▶ **Exercise**: For this exercise, retype the lines from the one that holds "Sweater - Aspen Cropped - LOLLIPOP" through the one that holds "Vector set of" in the records below, both included, exactly and without pictures.

▶ **Data for the task**:
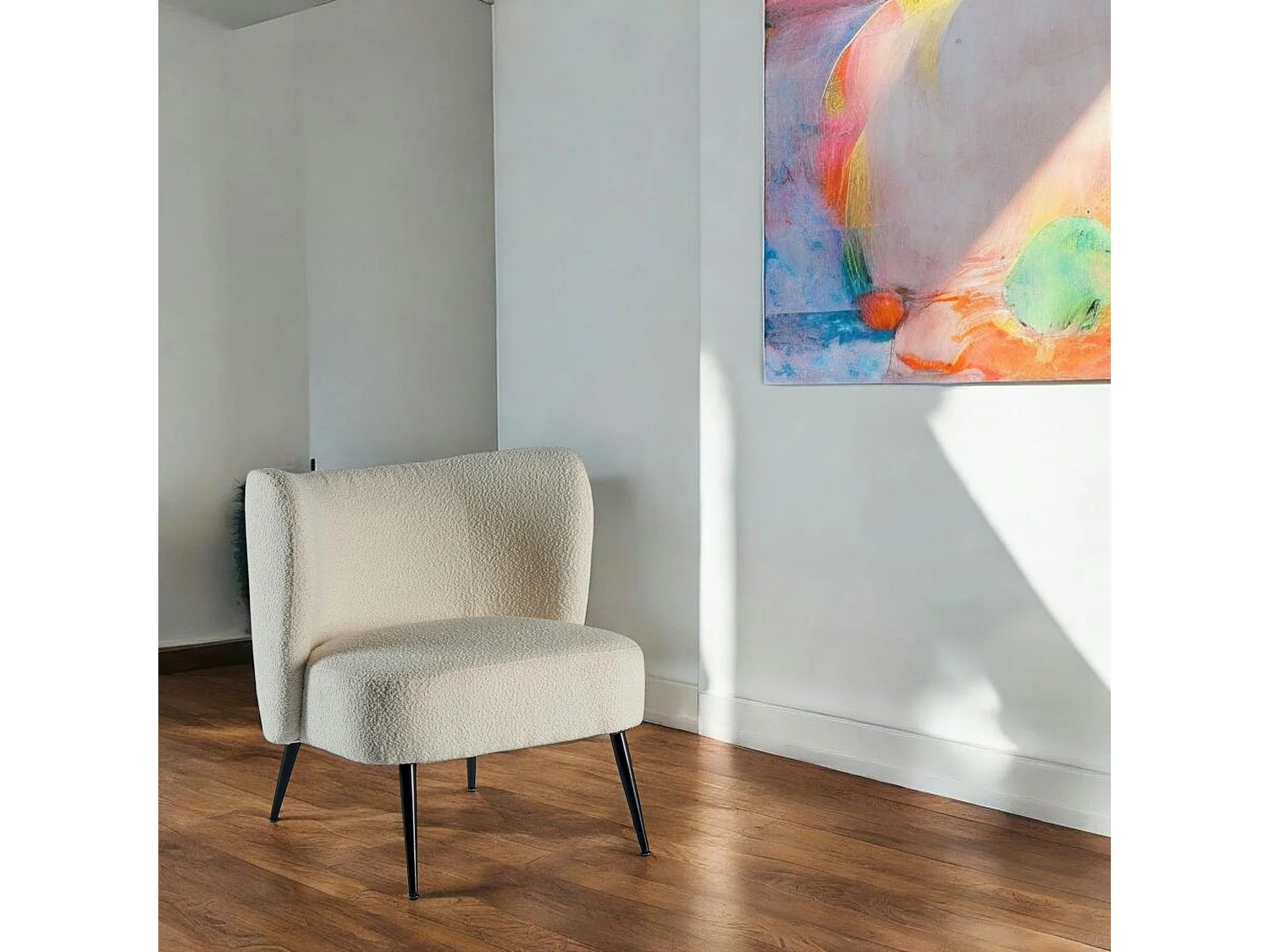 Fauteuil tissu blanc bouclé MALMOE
---
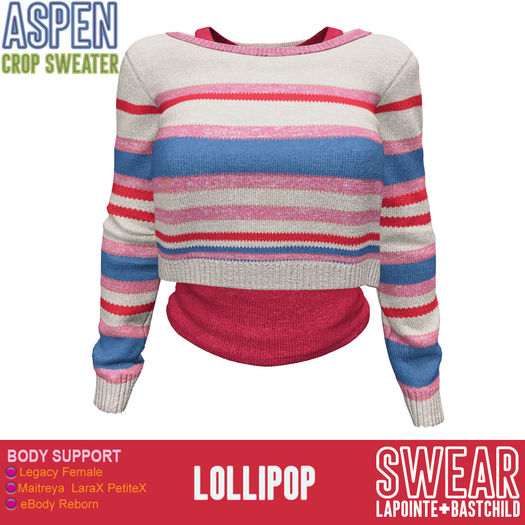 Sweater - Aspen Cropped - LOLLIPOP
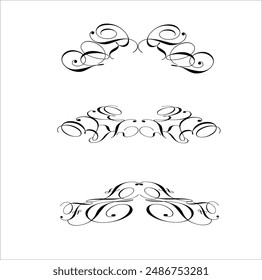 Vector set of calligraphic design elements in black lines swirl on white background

▶ **Exercise answer**:
 Sweater - Aspen Cropped - LOLLIPOP
 Vector set of calligraphic design elements in black lines swirl on white background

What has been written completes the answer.